G-Engine #8: Matrices

Matrices are vital tools for 3D rendering. Graphics libraries expect you to use matrices to represent positions, rotations, and scales of 3D objects. Furthermore, matrices provide a convenient/effective mechanism for representing hierarchies of 3D objects and coordinate systems.

This post will briefly explain what matrices are, explain commonly used operations for 3D game development, and provide tips for writing matrix classes for your game engine.

What is a Matrix?

A matrix is a 2D collection of numbers. A defining characteristic of a matrix is its size: the number of rows and columns it has.

Size is expressed using “row x column” form - for example, a 2x4 matrix has 2 rows and 4 columns:

| 0 8 9 -2 |
| 3 2 4 10 |

In a 3D game engine, we’ll commonly deal with 3x3 and 4x4 matrices. Here’s an example of a 3x3 matrix:

| 5 3 2 |
| 6 1 0 |
| 4 3 2 |

And here’s an example of a 4x4 matrix:

| 2 6 0 0 |
| 4 4 8 3 |
| 2 0 1 1 |
| 4 9 5 7 |

Referencing Elements

Each number in a matrix is called an element (or an entry). Elements are identified using row and column indexes, where element (0, 0) is in the top-left corner. Rows proceed downward and columns proceed to the right.

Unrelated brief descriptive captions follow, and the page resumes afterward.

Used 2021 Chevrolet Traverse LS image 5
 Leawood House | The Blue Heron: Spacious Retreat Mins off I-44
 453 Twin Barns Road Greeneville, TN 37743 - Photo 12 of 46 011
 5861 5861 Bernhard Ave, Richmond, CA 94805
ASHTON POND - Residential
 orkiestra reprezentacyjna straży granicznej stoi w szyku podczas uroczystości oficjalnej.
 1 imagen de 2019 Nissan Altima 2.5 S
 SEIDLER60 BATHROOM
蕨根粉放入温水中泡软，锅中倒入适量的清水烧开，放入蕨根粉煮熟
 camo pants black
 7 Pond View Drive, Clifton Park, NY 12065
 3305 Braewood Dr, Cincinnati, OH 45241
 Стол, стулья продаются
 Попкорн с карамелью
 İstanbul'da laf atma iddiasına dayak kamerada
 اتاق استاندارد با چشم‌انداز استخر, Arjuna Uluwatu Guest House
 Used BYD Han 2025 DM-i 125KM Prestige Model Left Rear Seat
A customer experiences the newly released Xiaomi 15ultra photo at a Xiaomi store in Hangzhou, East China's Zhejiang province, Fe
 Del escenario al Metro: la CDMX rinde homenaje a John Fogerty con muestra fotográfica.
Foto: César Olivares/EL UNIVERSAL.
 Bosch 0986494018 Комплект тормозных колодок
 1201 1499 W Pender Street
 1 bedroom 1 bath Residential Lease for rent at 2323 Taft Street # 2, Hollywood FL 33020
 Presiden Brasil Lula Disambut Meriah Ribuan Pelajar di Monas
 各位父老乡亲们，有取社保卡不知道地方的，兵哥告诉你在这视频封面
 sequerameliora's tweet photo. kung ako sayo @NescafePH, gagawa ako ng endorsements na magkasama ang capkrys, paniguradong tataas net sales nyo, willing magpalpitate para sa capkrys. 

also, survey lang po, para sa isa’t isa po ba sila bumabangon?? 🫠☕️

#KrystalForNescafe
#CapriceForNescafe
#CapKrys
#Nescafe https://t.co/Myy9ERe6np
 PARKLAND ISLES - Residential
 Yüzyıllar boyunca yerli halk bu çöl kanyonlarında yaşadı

For example, in the above 4x4 matrix, the number 8 is at element (1, 2) and the number 9 is at element (3, 1).

Here’s a 4x4 matrix showing each element’s row/column indexes:

| (0, 0) (0, 1) (0, 2) (0, 3) |
| (1, 0) (1, 1) (1, 2) (1, 3) |
| (2, 0) (2, 1) (2, 2) (2, 3) |
| (3, 0) (3, 1) (3, 2) (3, 3) |

Be careful of this “gotcha”: the notation to identify each matrix element may seem similar to cartesian coordinates. However, it is exactly opposite: the first number represents the row (“y axis”) and the second represents the column (“x axis”).

Matrix Terminology

Numerous terms exist to describe matrices with various attributes: particular sizes, particular numbers as elements, etc. Here, I’ll quickly highlight a few of the most common ones.

A matrix with the same number of rows and columns is called a square matrix. A 4x4 matrix is square; a 2x5 is not.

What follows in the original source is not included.